Six Carbon-Intensive Sectors
CBAM covers cement, iron and steel, aluminium, fertilisers, hydrogen, and electricity. These sectors were chosen because they have high emissions relative to production value, face significant international competition, and have established monitoring methodologies that could be adapted from EU ETS.
Each sector contains multiple product categories identified by Combined Nomenclature (CN) codes. CN codes are the EU eight-digit classification system for traded goods. Annex I of Regulation (EU) 2023/956 lists all covered CN codes.
Cement
Coverage includes cement clinker (the intermediate product from heating limestone), various types of cement (Portland cement, aluminous cement, other hydraulic cements), and certain cement-containing products.
Clinker is covered because it represents the most carbon-intensive stage. Limestone calcination releases significant process emissions. Clinker also serves as a precursor material for finished cement.
The sector does not cover concrete, mortar, or prefabricated building elements despite containing cement. Future expansions may include these downstream products.
Iron and Steel
Coverage is extensive. It includes iron ore products (sintered ore, pellets), pig iron, ferro-alloys (ferro-manganese, ferro-chromium, ferro-nickel), direct reduced iron, crude steel, and numerous finished steel products.
Finished products include flat-rolled products (hot-rolled coil, cold-rolled sheet, coated steel), long products (bars, rods, angles, sections), tubes and pipes, and certain fabricated steel articles. Coverage extends to stainless steel and other alloy steels.
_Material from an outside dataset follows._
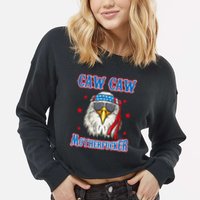 Caw Caw Motherfucker! Funny 4th Of July Patriotic Cropped Pullover Crew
The sector does not cover most fabricated steel products beyond basic shapes. Machinery, vehicles, appliances, and tools containing steel are not in scope.
Aluminium
Coverage includes unwrought aluminium (primary aluminium from electrolytic reduction and secondary aluminium from scrap recycling) and aluminium products (extruded profiles, rolled sheet and plate, foil, tubes and pipes, and certain fabricated articles).
Primary aluminium production is extremely electricity-intensive. Electrolysis requires 13-15 MWh per tonne of aluminium. The carbon intensity of electricity generation determines whether primary aluminium has low emissions (hydropower, renewables) or high emissions (coal, gas).
The sector does not cover alumina (aluminium oxide), the intermediate product between bauxite ore and metallic aluminium.
Fertilisers
Coverage includes ammonia, nitric acid, urea, ammonium nitrate, and various mixed fertilisers containing these compounds. These products are linked through production chains where ammonia serves as the base chemical.
Ammonia production is energy-intensive. Natural gas serves as both feedstock and fuel. Nitric acid production involves oxidising ammonia with potential for substantial N₂O emissions if abatement technologies are not used.
Hydrogen
Coverage includes compressed hydrogen gas and liquefied hydrogen. Hydrogen is covered because it serves as an input to other CBAM goods (ammonia production, direct reduced iron production) and has widely varying emissions depending on production method.
Grey hydrogen from steam methane reforming typically has emissions of 9-12 tonnes CO₂ per tonne. Blue hydrogen with carbon capture reduces this. Green hydrogen from electrolysis using renewable electricity has near-zero emissions.
Electricity
Electricity imported via interconnectors is covered. This applies to direct imports of electrical power from third countries into the EU grid. Electricity is measured in MWh rather than tonnes. The embedded emissions reflect the generation mix used to produce that electricity.
How to Determine Coverage
Check Annex I of Regulation (EU) 2023/956. It lists all covered CN codes organised by sector. Your product CN code appears on customs declarations. If your CN code is listed in Annex I, your product is a CBAM good.
Product classification can be complex at boundaries. Steel products that have undergone extensive fabrication may no longer be classified as steel goods. Cement-containing products may be classified as construction materials rather than cement. The CN code classification is determinative.
Future Expansion
Article 30 requires the Commission to report by 2028 on potential expansions. Topics include downstream products, organic chemicals, polymers, and inclusion of indirect emissions for sectors currently covering only direct emissions.
Downstream products present complexity because embedded emissions calculations require data from dozens or hundreds of suppliers. Organic chemicals and polymers are likely earlier candidates because production processes are more uniform and monitoring methodologies exist.
What This Means
If you import any of the six covered sectors, determine whether your specific products fall within scope. Check CN codes against Annex I. Verify customs classifications are correct.
Classification at boundaries requires knowledge of CN nomenclature, CBAM scope provisions, and customs classification principles. When classification is ambiguous, obtaining binding tariff information from customs authorities provides certainty.